Friday, January 13, 2012

Free kibbles

FREEDOM OF SPEECH:

US government seeking extradition of UK student because he hosted a site with links to files of copyrighted data. He did not host any data himself.

ECONOMICS:

The seasonal temps are back in the unemployment line causing a big spike in unemployment claims.

Peter Schiff doesn't trust the current dollar strength because it's driven by fear of the euro, not economic fundamentals in the US.

TAX AND SPEND:

S&P cuts credit ratings for French, Italian and Spanish debt. Italy and Spain are part of the PIIGS. We've been talking about them for a year or more. France is a relatively new addition to this problem. It's the second biggest economy in the Eurozone. But it gets worse.
"In all, S&P, which took away the United States' AAA rating last summer, lowered the ratings of nine countries, complicating Europe's efforts to find a way out of a debt crisis that still threatens to cause worldwide economic harm.
Austria also lost its AAA status, Italy and Spain fell by two notches, and S&P also cut ratings on Malta, Cyprus, Slovakia and Slovenia."
The euro is hosed.

WAR ON DRUGS:

What a scam. The government imprisons people for peacefully putting stuff in their bodies, then forces them to work as slave labor.

POLICE STATE:

Indian government forces biometric IDs on its subjects.

 WAR:

It seems absolutely stupid that the government sends marines to kill people, but it wants to charge them for urinating on their corpses. Which to you think bothered the victims most: being killed or having their bodies urinated on after they were dead? This is how war turns morals upside down and ruins those who fight it and the society that wages it.

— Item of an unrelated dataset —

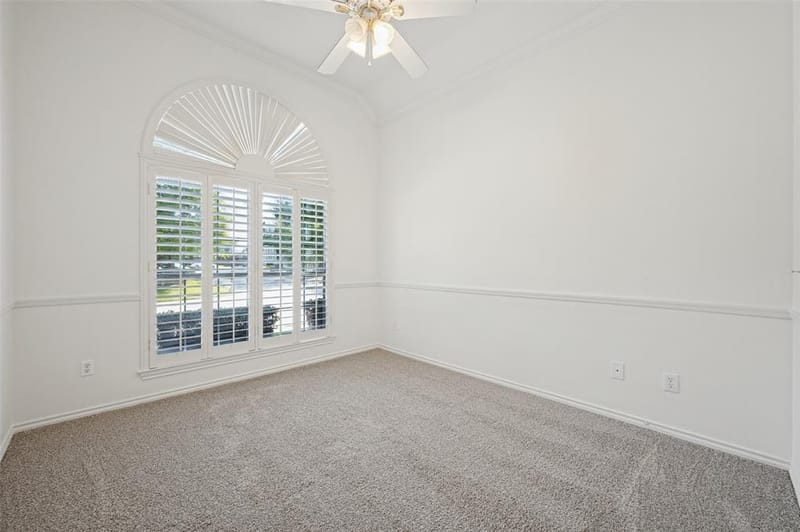 8804 Aviary Drive, McKinney TX 75072 - Photo 16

Now the US wants to shut down the Iranian central bank which would collapse its economy. This is an act of war, and the only possible motivation for it is to start a war.
"I have to think that this may cause blowback in the form of many countries developing a gold-backed currency to use and trade in. Will all these countries dump their dollars for gold? If I'm the central banker in Russia, China, Syria, Iran and many South American countries, I'm thinking completely in terms of how to be less vulnerable to the U.S. empire gone mad. Gold is one answer."
Let's hope.

FOREIGN POLICY:

Ron Paul gives a great criticism of the US foreign policy toward Iran and shows why his is superior.

POLITICS:

Obama makes a smart move by trying to combine bureaucracies. Liberals and conservatives alike always fall for plans to make the government more efficient, as if more efficient coercion is a good thing. In this case Obama wants to eliminate the Commerce Department, which Republicans always claim they want to eliminate, but never do. If Republicans block this plan, they will lose the PR battle. If they agree to it, Obama will get the credit. Another skeptic calls this a powergrab.
"In fact, like the Bushite Department of Homeland Security, merging all the special-interest trade and business agencies is intended to increase federal power and reward the big corporations allied with it."
Typical. The San Jose Mercury News, an ultra-liberal rag, admits this is a power grab.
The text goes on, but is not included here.